• _Work instruction_
Lines from the one with "Coco Curl Bundles" to the end of the material, both included: print them exactly and print nothing else. Omit the pictures.
•••
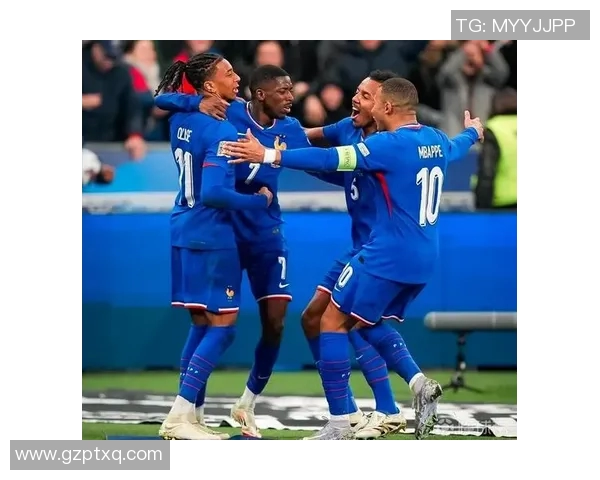 奇迹之战：泰国与法国队点球大战击败瑞士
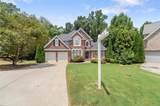 4303 Summit Oaks Lane Ne - Photo 49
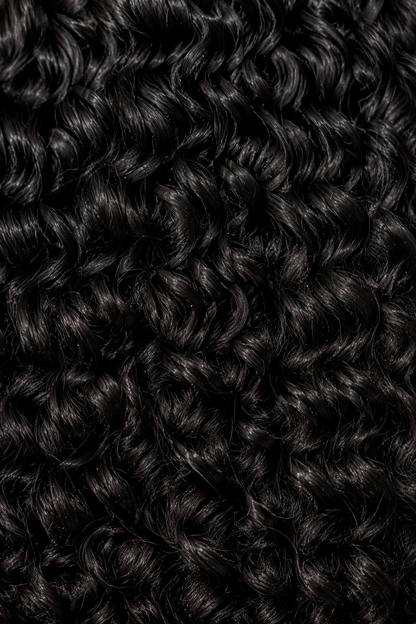 Coco Curl Bundles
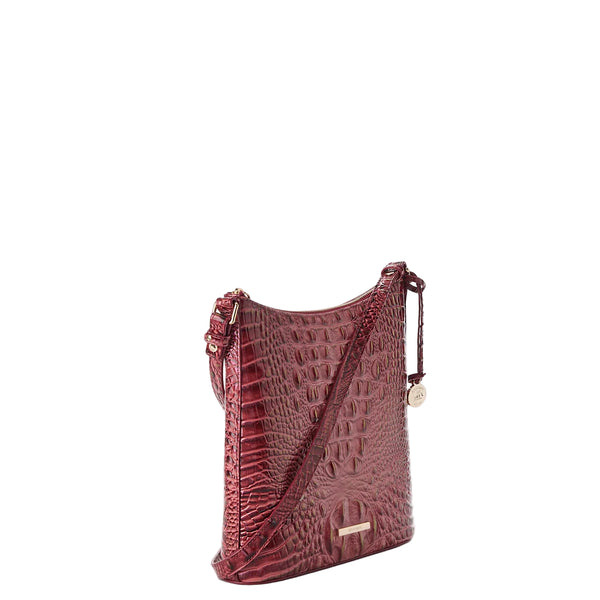 BRAHMIN Katie Crossbody Handbag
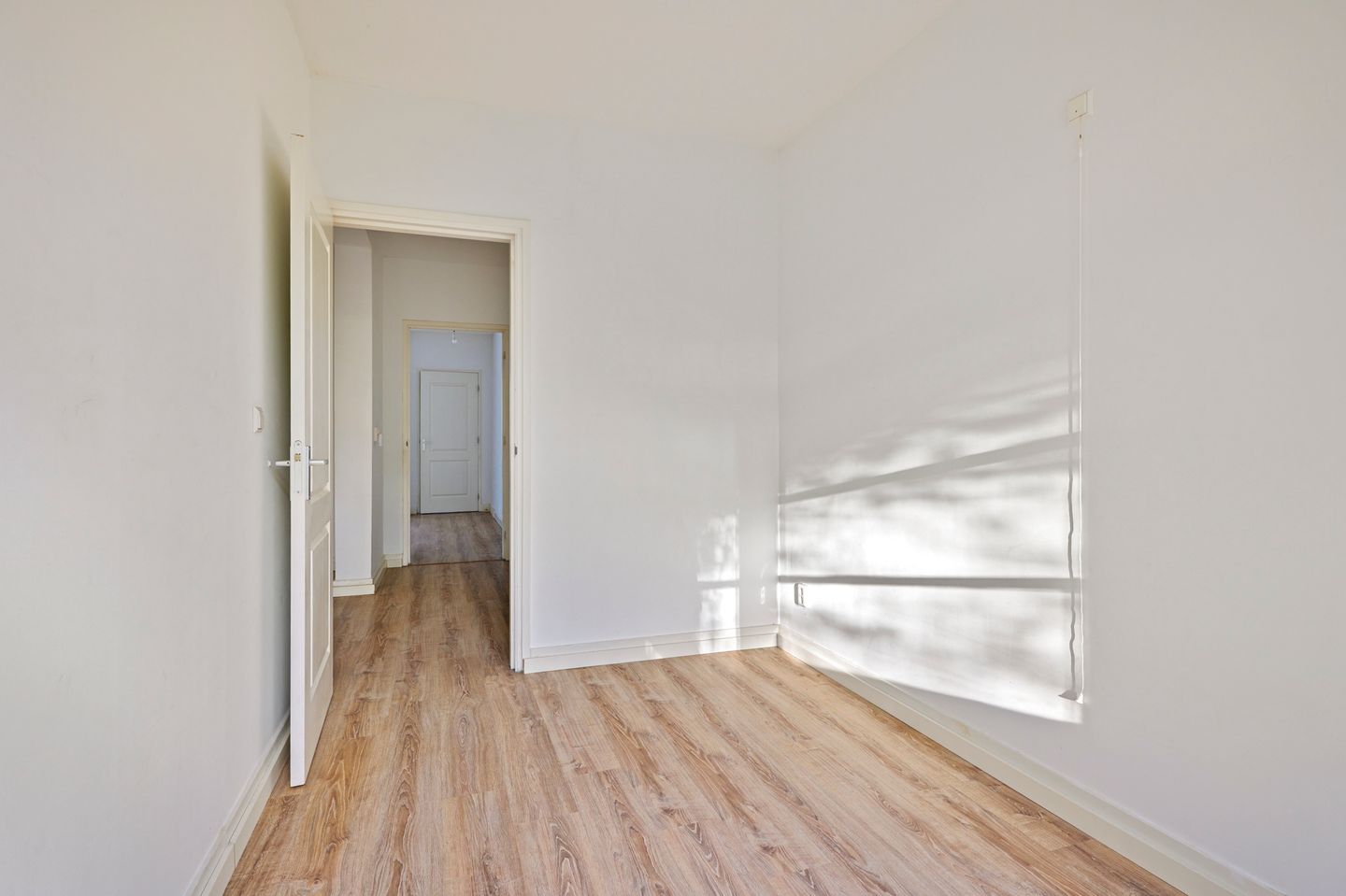 Foto 14 van Kramatweg 92-H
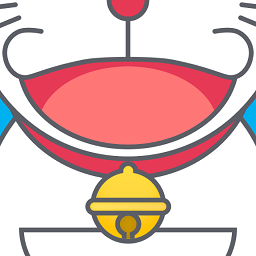 ����è��������v1.0.0 ��׿��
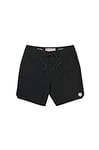 Globe Every Swell Boardshort Black 30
•••
• _Response area_
 Coco Curl Bundles
 BRAHMIN Katie Crossbody Handbag
 Foto 14 van Kramatweg 92-H
 ����è��������v1.0.0 ��׿��
 Globe Every Swell Boardshort Black 30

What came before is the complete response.